In the material below, pictures must be dropped. Repeat exactly, and only, the lines from the line with "2012 Honda City" to the line with "مجموعة إيلي صعب", both ends included.

======== Records for this exercise ========

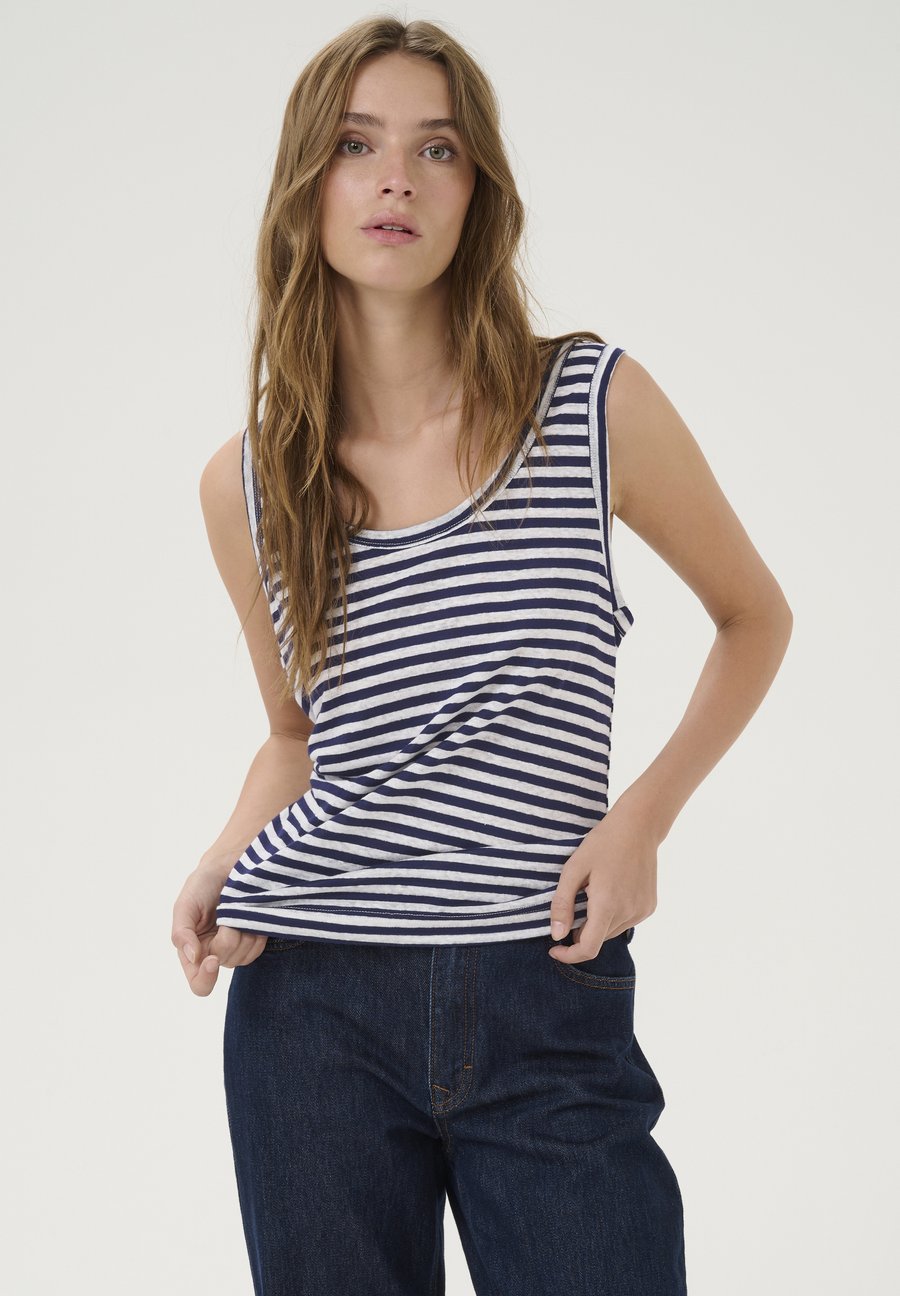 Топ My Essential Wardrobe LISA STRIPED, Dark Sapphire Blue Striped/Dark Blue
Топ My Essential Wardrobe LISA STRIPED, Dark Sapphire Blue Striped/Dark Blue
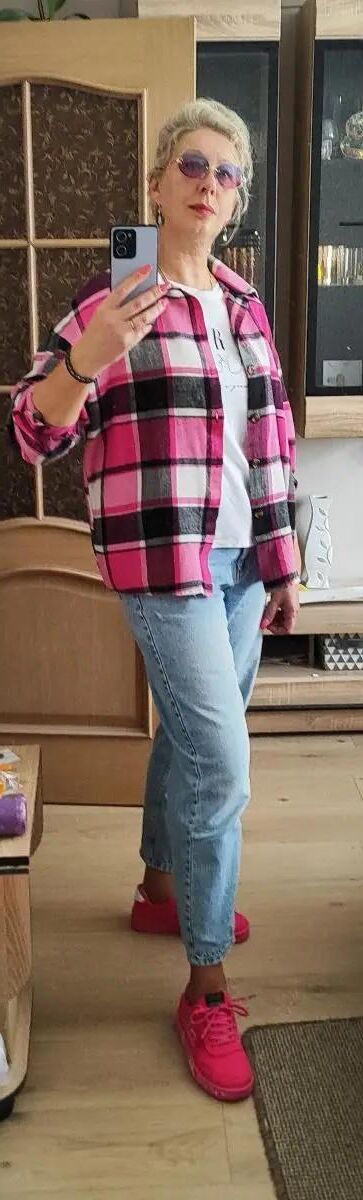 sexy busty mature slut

========
======== Records for this exercise ========

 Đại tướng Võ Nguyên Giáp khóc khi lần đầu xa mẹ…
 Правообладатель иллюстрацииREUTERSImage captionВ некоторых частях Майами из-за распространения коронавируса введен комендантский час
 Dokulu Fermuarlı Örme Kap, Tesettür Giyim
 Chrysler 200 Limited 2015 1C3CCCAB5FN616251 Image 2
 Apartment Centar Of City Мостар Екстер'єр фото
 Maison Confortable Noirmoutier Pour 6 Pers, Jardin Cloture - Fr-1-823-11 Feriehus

========
======== Records for this exercise ========

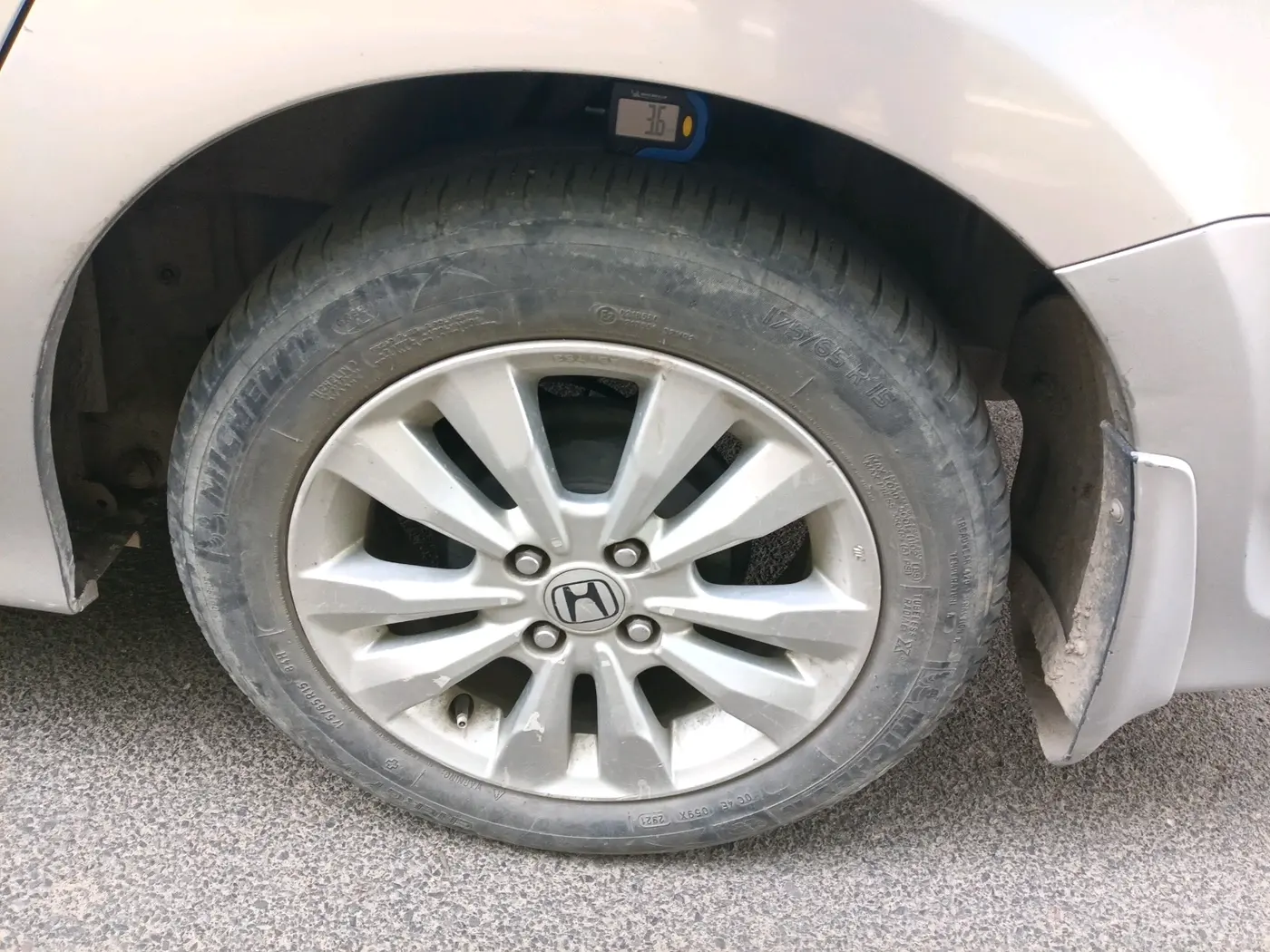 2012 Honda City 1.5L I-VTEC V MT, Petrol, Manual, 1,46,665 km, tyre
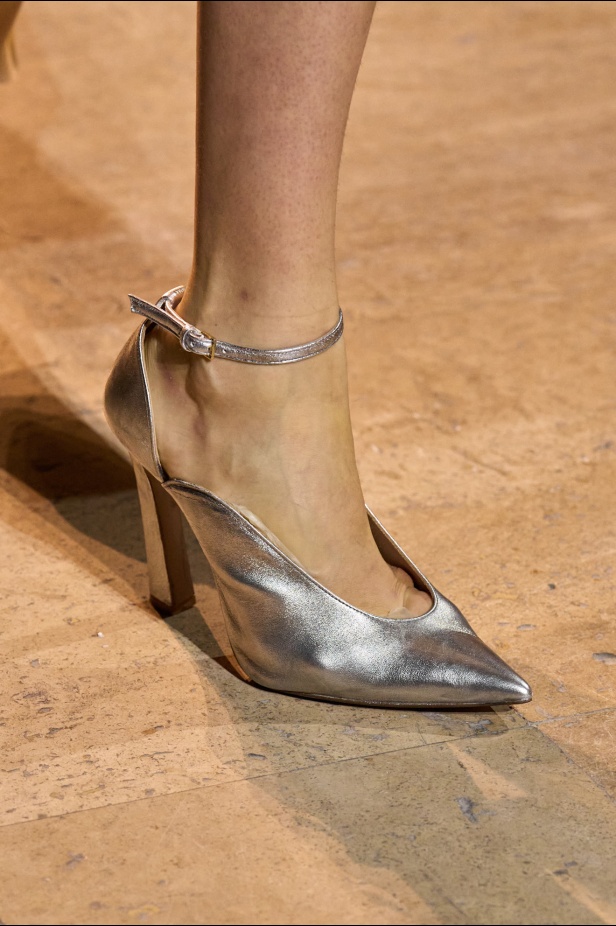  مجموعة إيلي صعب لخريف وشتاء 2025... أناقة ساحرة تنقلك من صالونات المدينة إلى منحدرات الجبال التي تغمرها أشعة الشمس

========

* **Result of this task**:
 2012 Honda City 1.5L I-VTEC V MT, Petrol, Manual, 1,46,665 km, tyre
  مجموعة إيلي صعب لخريف وشتاء 2025... أناقة ساحرة تنقلك من صالونات المدينة إلى منحدرات الجبال التي تغمرها أشعة الشمس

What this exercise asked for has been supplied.